Going – a song cycle

for baritone and piano
December-April 2014; 8’



Where has the tree gone, that locked
Earth to the sky? What is under my hands,
That I cannot feel?

A setting of four poems by Philip Larkin exploring themes of reminiscence, regret and uncertainty.

1. ‘Long Sight in Age’ (1955)
2. ‘Maturity’ (1951)
3. ‘Traümerei’ (7th Sept. 1946)
4. ‘Going’ (Feb. 1946)

When Jake Muffett asked me to write a song cycle for the final recital of his BA, which would have a theme of moving from childhood to death, the poetry of Philip Larkin (1922-1985) seemed instantly appropriate for situating the piece towards the end of the programme. Larkin’s sombre, plain-speaking style – sometimes painfully personal, occasionally vehemently ironic – gives the sense of a man old before his time; a man struggling with values of ‘Englishness’, yet also in radical, if cynical or despondent, opposition to conventional social constructions.

I am often drawn to texts that can gain a self-reflexive meaning from performance; texts that can become about the act of performance. These four poems from Larkin’s earlier years are ordered to trace a narrative journey for a persona embodied by the baritone, with the piano as his subconscious. Thoughts of reminiscence and of the desire to “go back” informed the music (coincidentally, the poems are ordered chronologically in reverse).

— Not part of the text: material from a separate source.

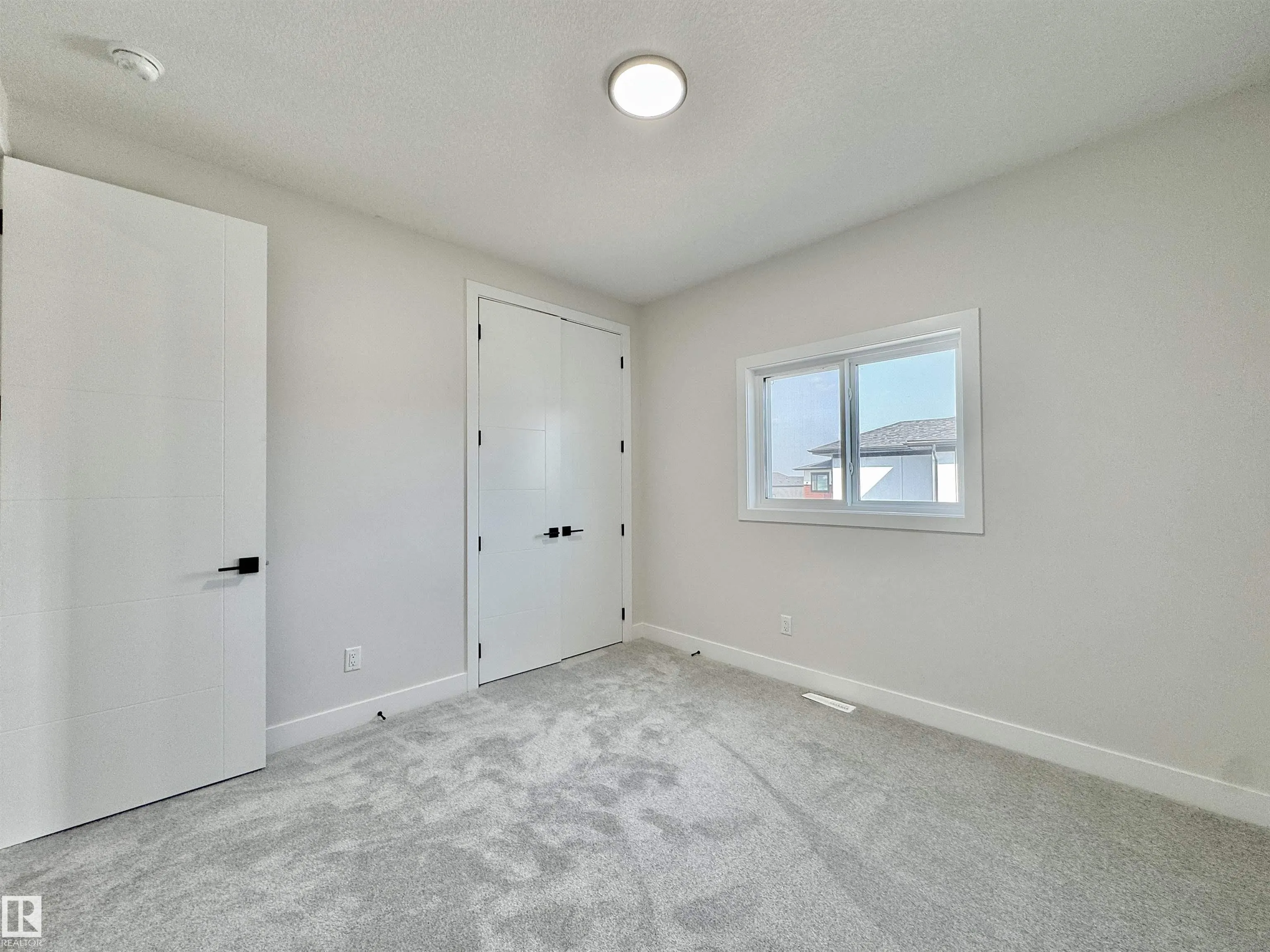 7027 KIVIAQ Crescent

The songs are performed attacca.

The cycle begins with the baritone pondering ‘clear’ sight with age, immediately rejecting the idea (‘as dew clarifies air’) – but he clings to memory (‘long soft tides of grass…gold Wind-ridden waves’).

Tolling alarms bring the baritone to reflect on himself: his present, ‘this pantomime… my ablest time’; his future, ‘stationary…desired… inaccurate, tired’. The piano moves from a detached sensibility to support and echo the baritone’s disillusionment.

In ‘Traümerei’ the baritone continues reflecting, on a ‘dream that dogs me’ – he is ‘shut in’ with ‘a silent crowd’. The piano’s maelstrom of activity (with syncopations inspired by Larkin’s love of jazz) occasionally erupts amidst a surreal omen, as fate is spelt out.

Finally, the baritone looks further inwards. ‘There is an evening coming in…’ The piano weaves a fragile, seemingly endless line. ‘What is under my hands, that I cannot feel?’